O contexto no qual ela está inserida e a coragem com a qual aborda os temas delicados é que elevam a série a um patamar tão alto. O roteiro se utiliza de aspectos históricos para construir uma narrativa fantástica na mesma medida que usa aspectos fantásticos para criar uma verdadeira aula de história.
O subtexto racial, aqui, não é apenas uma ferramenta utilizada para fazer a história andar. Ele é a História em si. Sim, com H maiúsculo, para representar fatos reais como a elaboração do Green Book (guia criado para que negros viajassem com segurança pelos EUA), o assassinato do garoto Emmett Till, em 1955, e o crescente movimento pelos direitos civis no país.
Além das questões relacionadas ao racismo, o roteiro faz uso de outras formas de preconceito para expor o absurdo que eles representam por si só. A homofobia é uma delas, que reprime a sexualidade de homens e mulheres e pode gerar comportamentos violentos, transformações de personalidade devido a conflitos internos e uma pressão psicológica desumana.
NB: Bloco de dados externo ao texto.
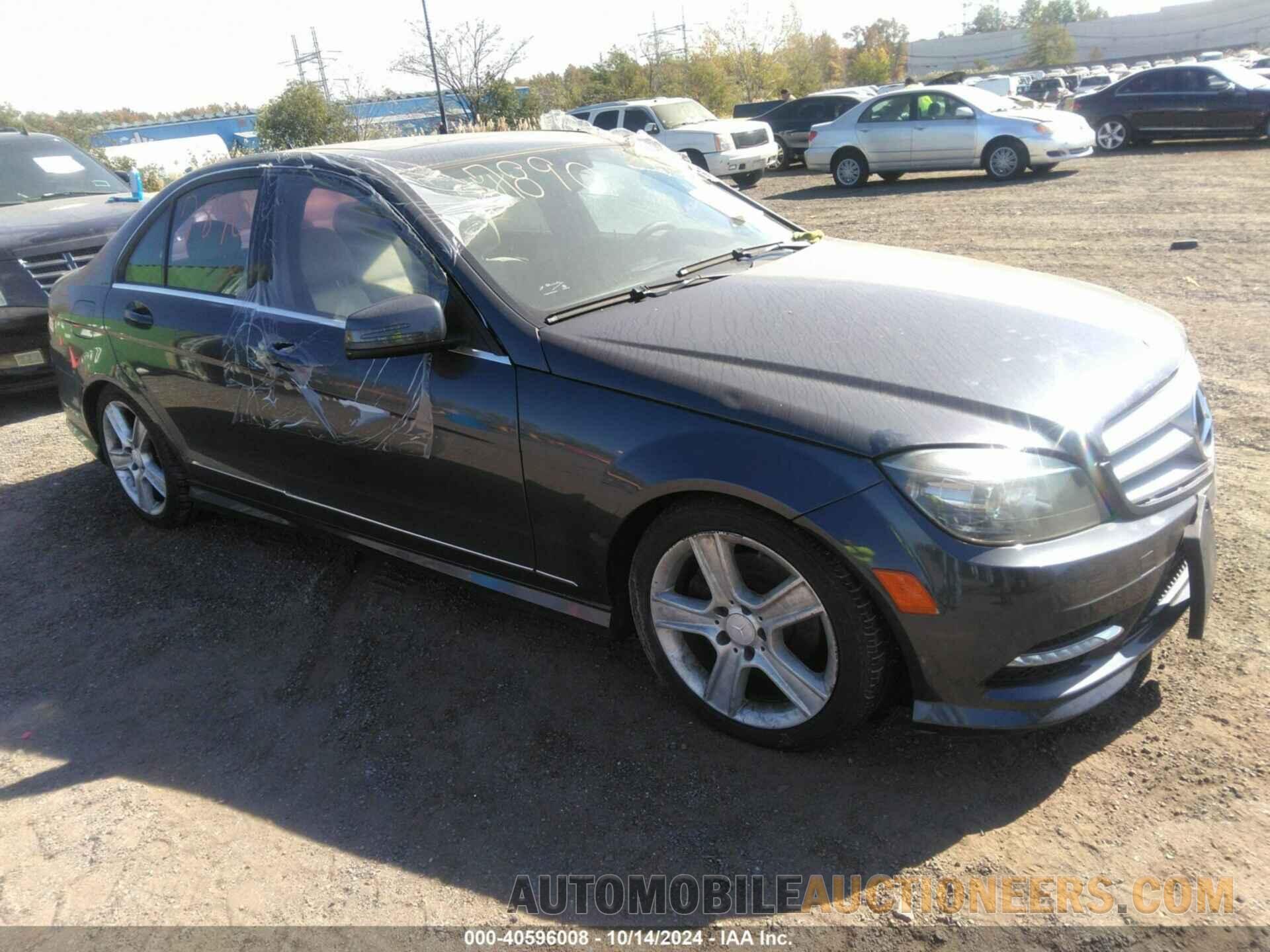 WDDGF8BB9BR172963 MERCEDES-BENZ C 300 2011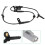 Shorten Braking Distance ABS Wheel Speed Sensor Anti Lock Braking System Sensor High Performance Easy Installation Direct Replacement Reliable 4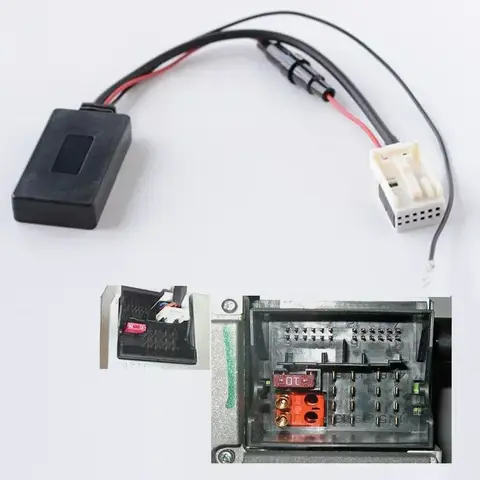 Aux Car MP3 Bluetooth Adapter Music Radio For Skoda For Passat For Golf MFD 3 RCD 210 310 510 RNS 310 315 510 810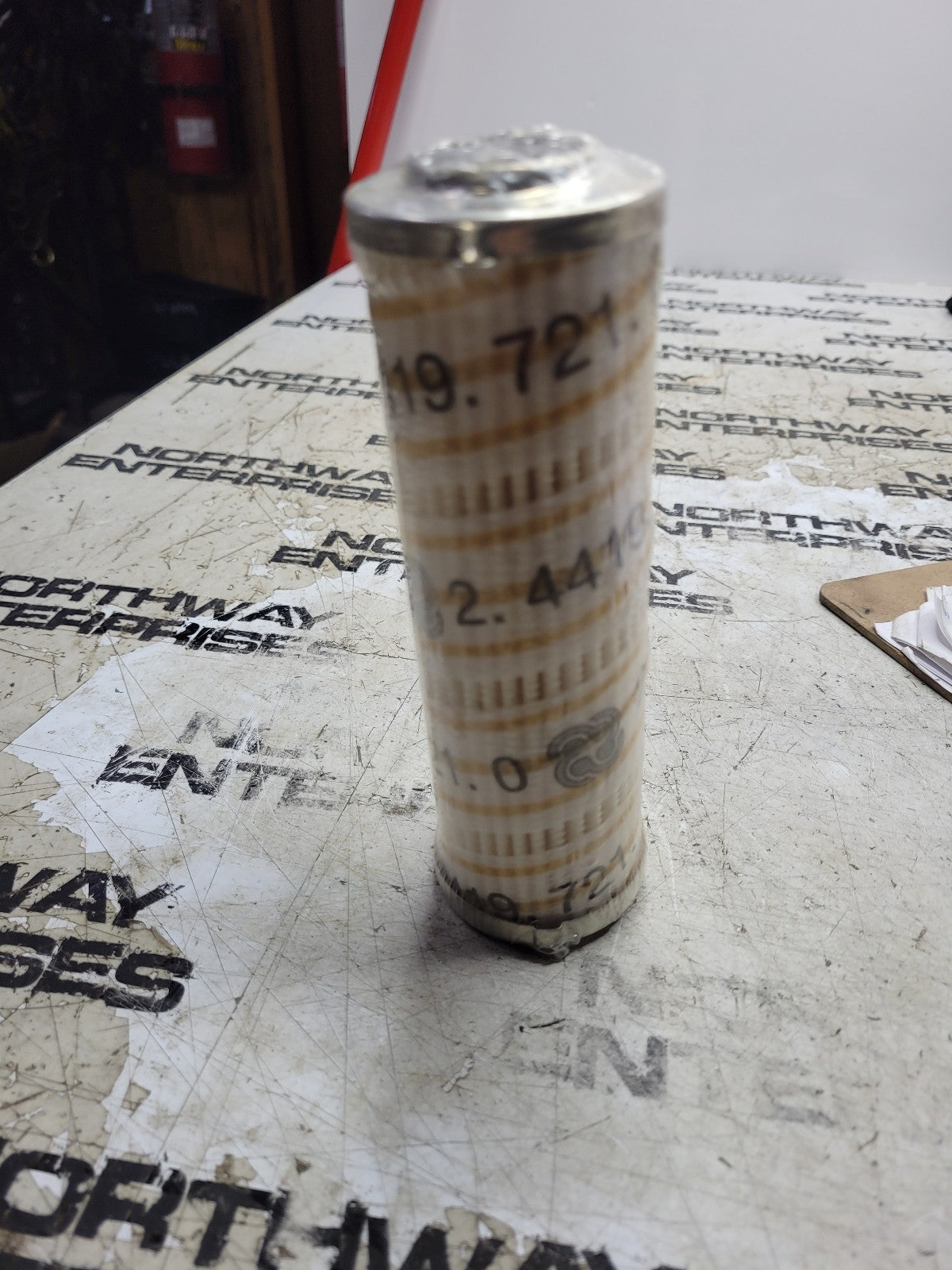 Agco 72277492 Element Oil Filter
Também existe uma característica sutil e pouco citada pela crítica e pelo público, que é a normalização dos corpos femininos “reais”. Existe uma sexualização de personagens que fogem do padrão hollywoodiano de magreza, inclusive com cenas de nudez que evitam esse arquétipo, o que é bastante raro mesmo em produções consideradas mais modernas.
Mas e o terror cósmico?
Em Lovecraft Country, a Magia é algo que faz parte do mundo real. Ela pode até não ser amplamente conhecida pelos cidadãos comuns, mas quando se mostra, não causa o choque e a repercussão que naturalmente se esperaria.
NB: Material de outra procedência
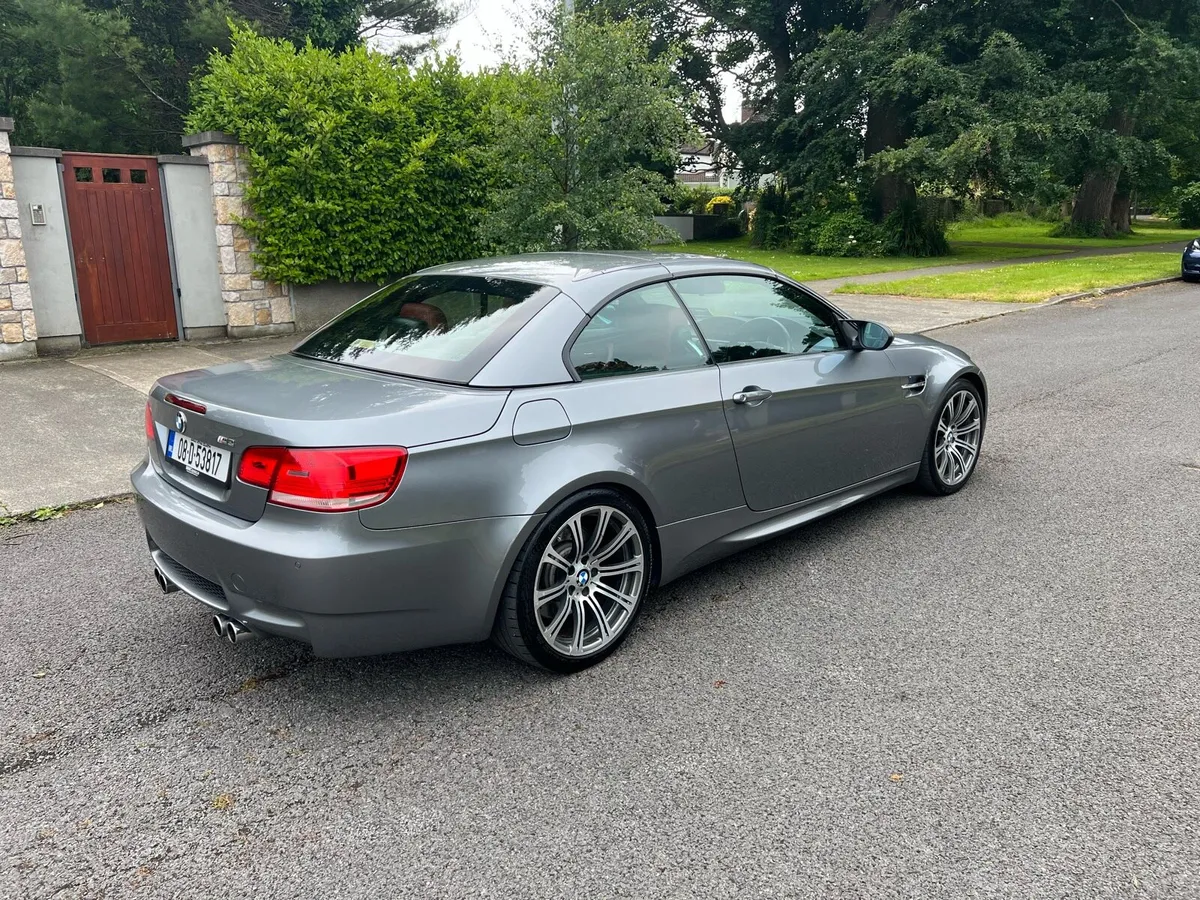 2008 BMW M3 E93 Cabrio with DCT - Image 3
Então, se poções de transformação, feitiços de proteção e monstros assassinos são visíveis e ameaças críveis, onde está o terror cósmico que a série tanto prometeu?
Ora, a ameaça invisível, aquela que jamais se torna tangível e assombra os protagonistas constantemente, é o racismo. Especialmente ele, mas também o machismo e a homofobia, que atingem de formas únicas cada um dos seus alvos.
Eles não têm forma, não têm endereço, não agem conforme uma receita de bolo ou prescrição médica. Eles apenas existem e traumatizam suas vítimas para sempre, assim como as criaturas mitológicas lovecraftianas no contos do autor.
O horror de viver com medo é algo que apenas esses grupos podem sentir. Talvez eles jamais possam descrever a sensação, mas utilizar uma história de terror para criar essa alegoria é algo que Lovecraft Country faz com maestria.